AVAILABLE DATA -
====
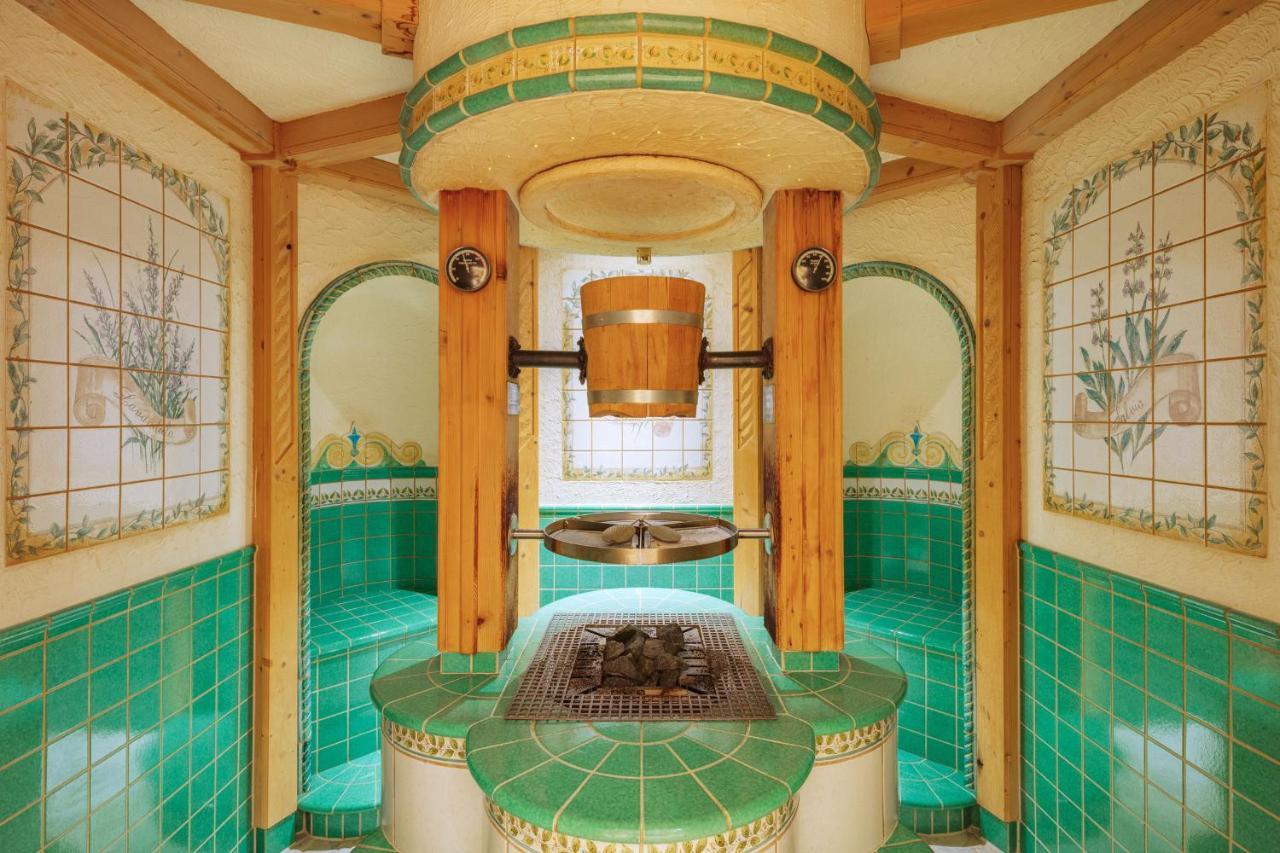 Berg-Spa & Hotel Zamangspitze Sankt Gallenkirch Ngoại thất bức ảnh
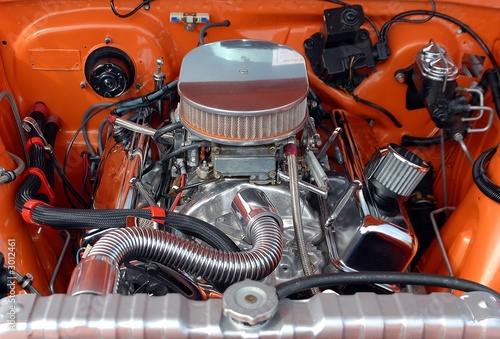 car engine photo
====
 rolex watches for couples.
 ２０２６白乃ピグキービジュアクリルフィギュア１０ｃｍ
====
PROBLEM DESCRIPTION - Exact copy, pictures excluded: every line above from the one containing "Berg-Spa & Hotel" to the one containing "car engine photo", inclusive, and nothing more.

RESPONSE BOX -
 Berg-Spa & Hotel Zamangspitze Sankt Gallenkirch Ngoại thất bức ảnh
 car engine photo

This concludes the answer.